You can’t beat Jack Reacher one on one. You can only hope to outmaneuver him.

That, in a nutshell, is the essence of Jack Reacher, the super-competent über-detective who is the star of Lee Child’s series of thriller novels. Reacher is a retired Army MP, or military policeman, an efficient killer with a razor-sharp intellect and in-depth experience with forensics and human psychology. If he had to engage Superman or Batman in man-to-man combat, Reacher could win — given enough time, information and resources to prepare effectively.

Before this week, I was familiar with Child’s work only through the recent movie Jack Reacher, starring Tom Cruise. On a relative’s recommendation, I dove into Reacher’s 2001 novel, Echo Burning, in which the almost oppressively effective hero finds himself plunged into a messy situation in the hot, sparsely populated Echo County in rural Texas.

The book pits Reacher against at least two sets of antagonists. One is the Greer clan, a tight-knit family with extensive roots in Echo that doesn’t cotton to outsiders.

Unfortunately for them, while hitchhiking in Texas, Reacher is picked up by Carmen Greer. A Latina out of California who has married into the family, Carmen is still considered an outsider, despite having borne her husband a lovely daughter. Worse yet, her husband beats her savagely. Even worse he’s about to get out of prison. Worst of all, the improbably named Sloop Greer blames Carmen — correctly so! — for his having been sent to prison on tax evasion charges. 

The other set of antagonists are a nameless hit team: Three experienced assassins who have been hired to pick off a longtime friend of Sloop Greer’s. They’ve also been hired to conduct some other unsavory business in and around Echo County. How this group relates to the Greers, and what they’re doing, remains a closely guarded mystery for much of the story.
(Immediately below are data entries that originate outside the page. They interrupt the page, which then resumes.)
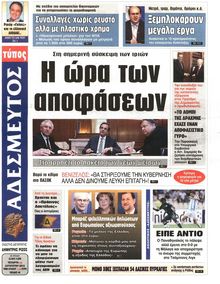 ΑΔΕΣΜΕΥΤΟΣ ΤΥΠΟΣ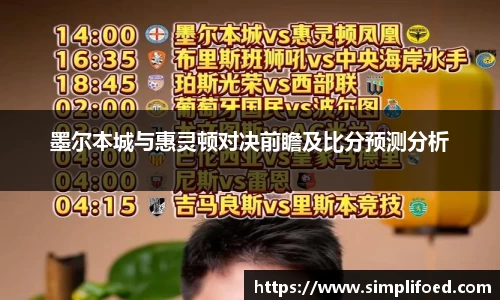 k1体育十年品牌网址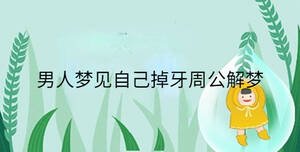 男人夢(mèng)見自己掉牙周公解夢(mèng)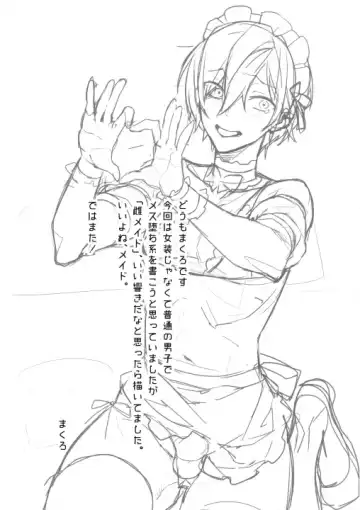 [Makuro] Dokidoki Mesu Ochi Gohoushi Challenge | 心跳心跳雌堕侍奉挑战 Fhentai - Page 24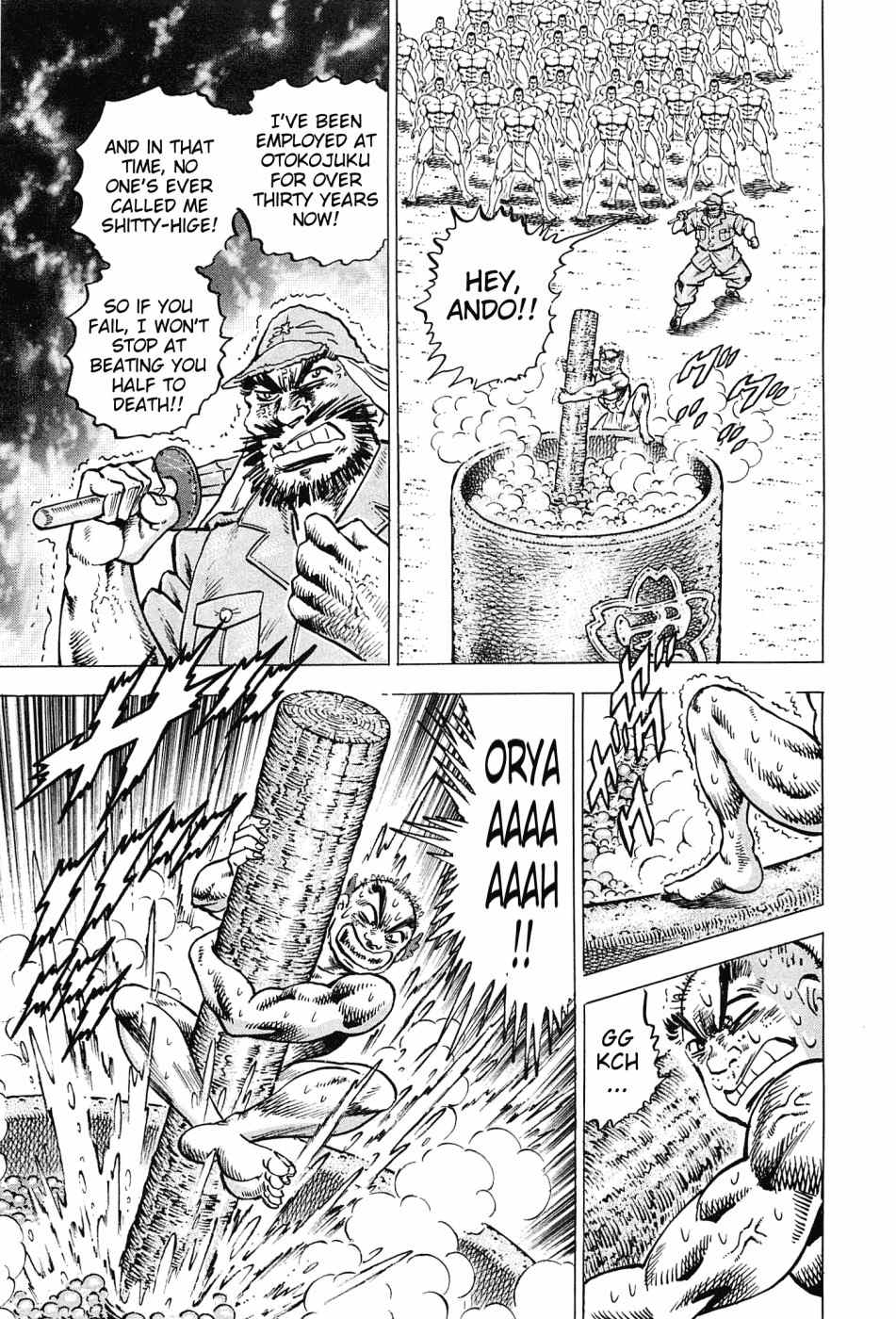 Akatsuki!! Otokojuku - Seinen yo, Taishi wo Idake Chapter 170 page 22 - Chapter 170: This is the Third Battleground!!
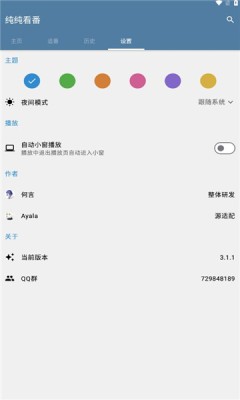 纯纯看番  v3.1.1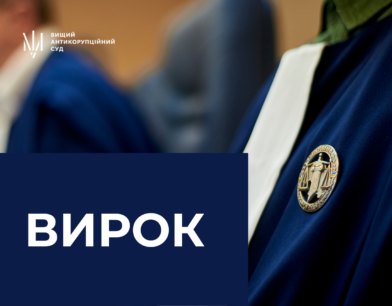 ВАКС ухвалив вирок, яким визнав винуватими двох ексслідчих та колишнього оперуповноваженого поліції Києва ВАКС ухвалив вирок, яким визнав винуватими двох ексслідчих та колишнього оперуповноваженого поліції Києва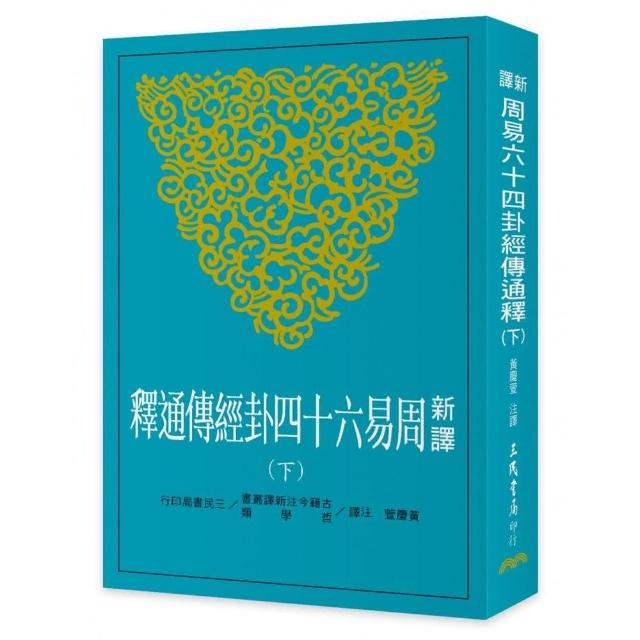 新譯周易六十四卦經傳通釋（下） | 拾書所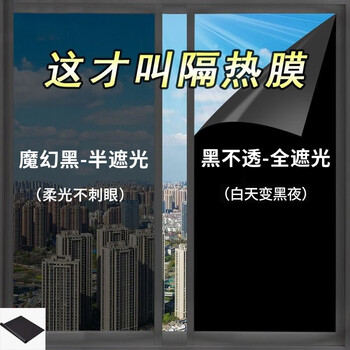 Saifanlu window sun protection film, black film, electrostatic glue-free shielding film, solar film, home balcony shading film, window privacy film, glass film, black opaque (full shading) 60cm*2m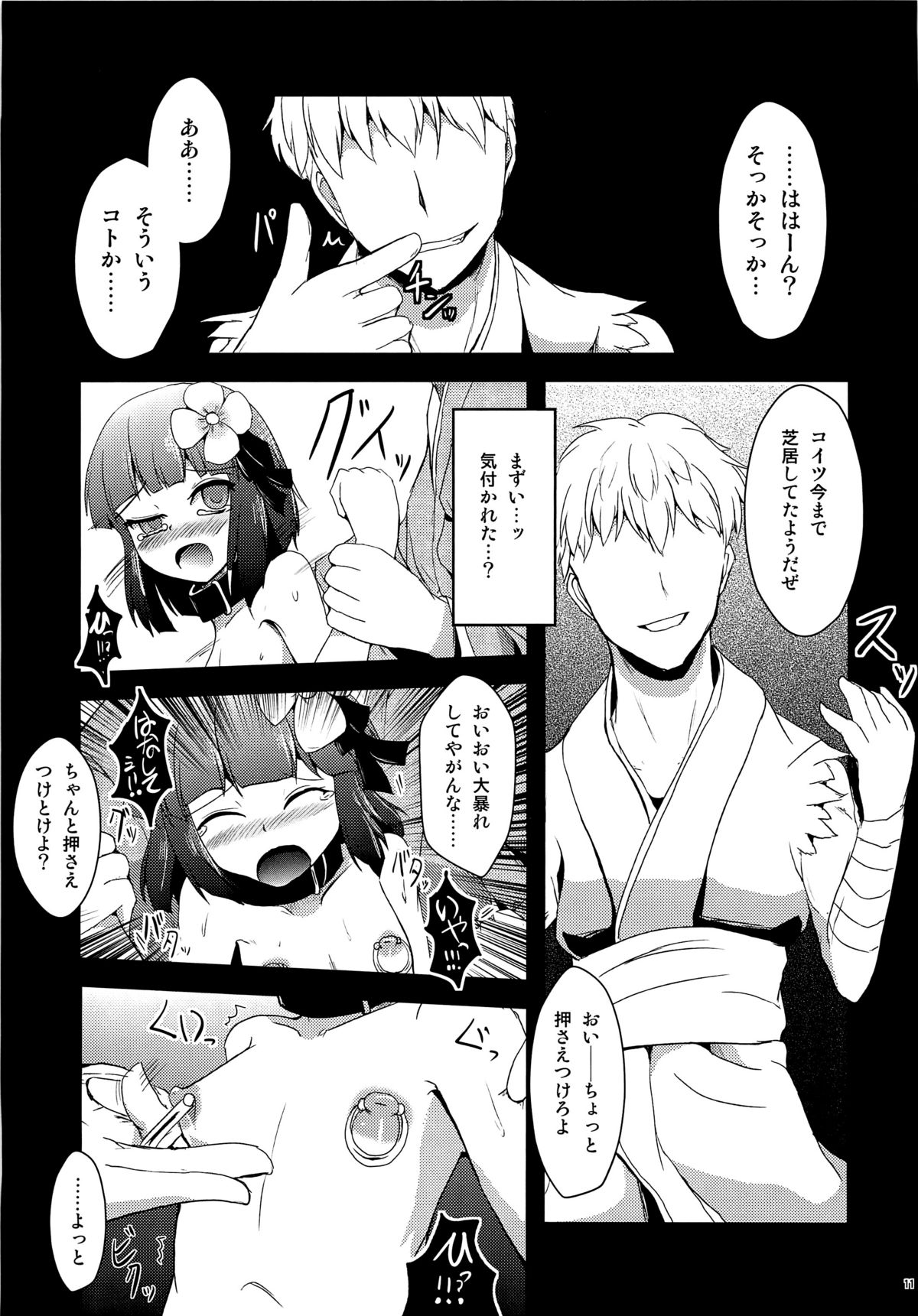 (C81) [Yamotodou Rakugakiichi (yamoto)] Wakuraba (Touhou Project) page 12 full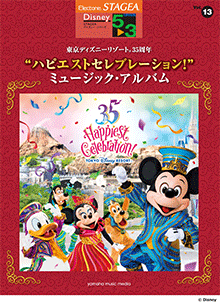 STAGEA曲集　STAGEAディズニー・シリーズ (グレード5～3級) Vol.13 東京ディズニーリゾート35周年 “ハピエストセレブレーション！” ミュージック・アルバム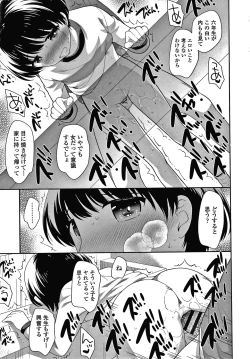 Page 76 of Pico Pico Chipikko Man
Child is a competent writer, and while his characters are hardly the most nuanced to be found in fiction, he characterizes them deftly. Reacher himself is an improbable creation — a comic book superhero with a thirst for justice, a strong moral compass and an aversion to most forms of human attachment. Child skirts around Reacher’s psychological underpinnings but still manages to make his protagonist seem more or less plausible.

The question in most superhero stories isn’t whether the protagonist will be able to overcome any single challenge or challenger. It’s whether he or she will be able to overcome a seemingly overwhelming set of them, especially when mysteries abound as to who the real good guys are and what the proper course of action is.

Reacher’s mission — never entirely clear to him, although he is absolutely convinced that Carmen Greer is being unfairly victimized — becomes even murkier when law enforcement get involved in a deadly situation chez Greer. Ensuing events lead Reacher to question what he thought knew about the damsel in distress.

Eventually, rain and mud and fire and rock play roles in the resolution of this tangled plot. Naturally, Reacher’s quick wits and fearsome capacity for violence also feature in the climax; this is a thriller, after all.

Child starts off well, building an intriguing situation, and subsequently ratchets up the tension and intrigue in outstanding fashion. This is middlebrow entertainment all the way, but this book is middlebrow stuff done right. Anyone looking for some action, some mystery and an entertaining read could do a lot worse than to plunge into Echo Burning.